- **PROBLEM REQUIREMENTS**
Restate the entries word for word and skip every image.

- **DATA FOR REVIEW**
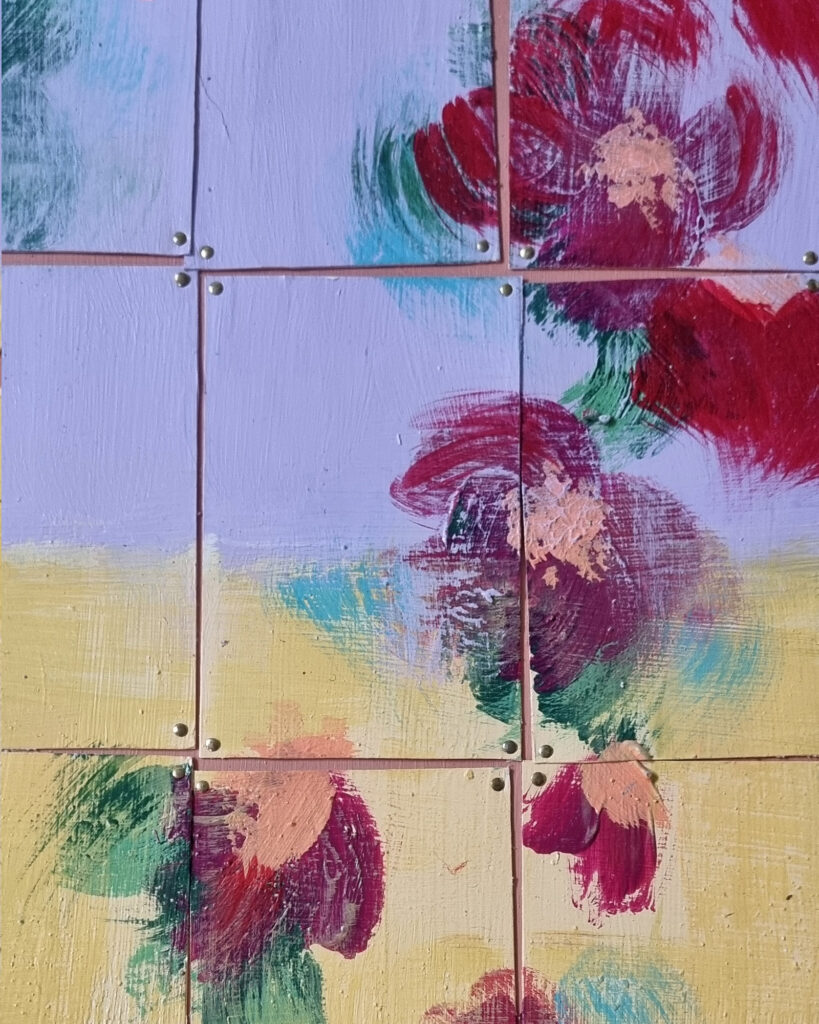 Modernes Kunstwerk, abstrakte Blumen von Annett Wagner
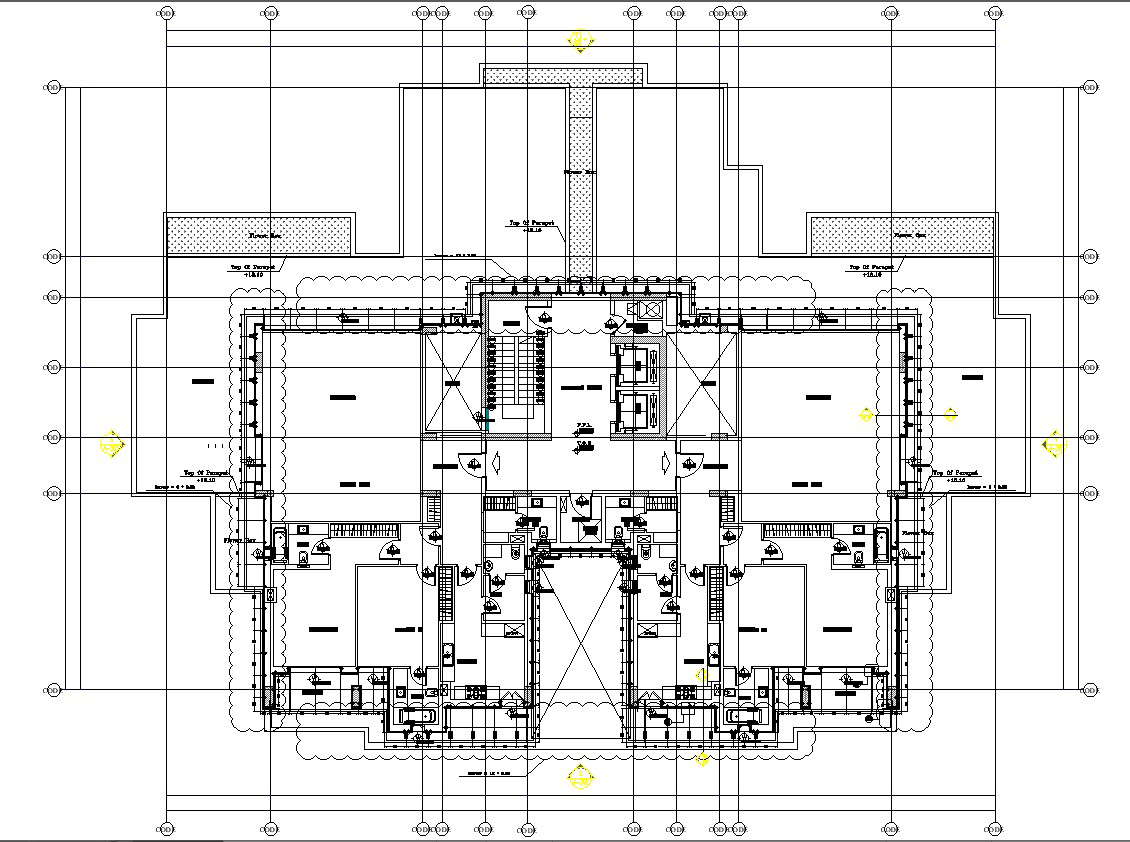 Residential Building Floor Plan Layout Cad Drawing In Dwg File Cadbull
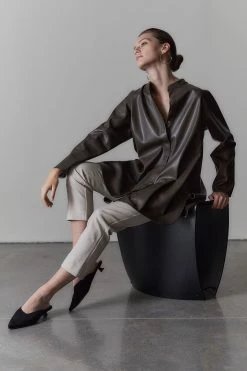 Faux Lambskin Oversized Shirt -Natori Sales Shop Faux Lambskin Oversized Shirt Espresso by Natori 3 67421.1625059699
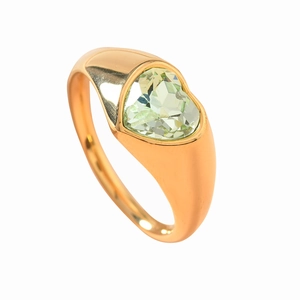 Minimalist gold titanium steel ring with a heart-shaped light green gemstone inlay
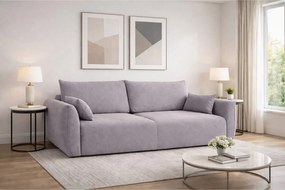 Sofa z funkcją spania i pojemnikiem, tkanina welurowa Salvador, Szary, Zephira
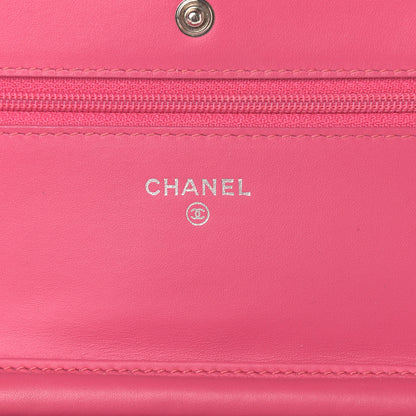 Chanel Patent Calfskin Quilted Wallet On Chain WOC Pink 6 of 11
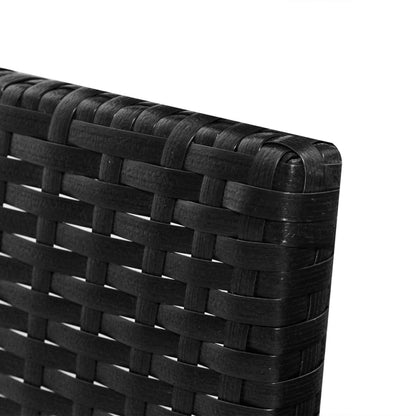 3 pcs conjunto lounge de jardim c/ almofadões vime PE preto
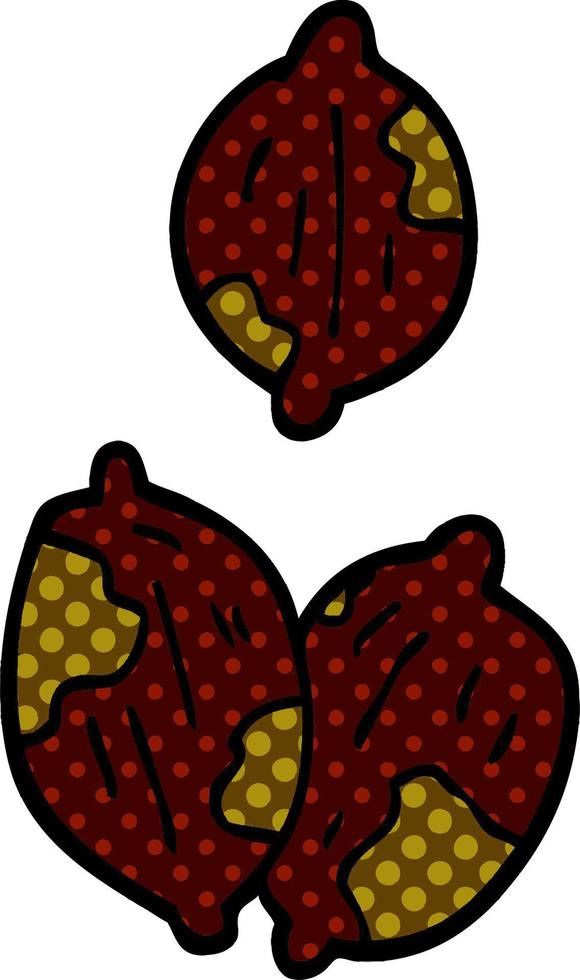 cartoon doodle nuts in shells vector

- **ANSWER FOR THE TASK**
 Modernes Kunstwerk, abstrakte Blumen von Annett Wagner
 Residential Building Floor Plan Layout Cad Drawing In Dwg File Cadbull
 Faux Lambskin Oversized Shirt -Natori Sales Shop Faux Lambskin Oversized Shirt Espresso by Natori 3 67421.1625059699
 Minimalist gold titanium steel ring with a heart-shaped light green gemstone inlay
 Sofa z funkcją spania i pojemnikiem, tkanina welurowa Salvador, Szary, Zephira
 Chanel Patent Calfskin Quilted Wallet On Chain WOC Pink 6 of 11
 3 pcs conjunto lounge de jardim c/ almofadões vime PE preto
 cartoon doodle nuts in shells vector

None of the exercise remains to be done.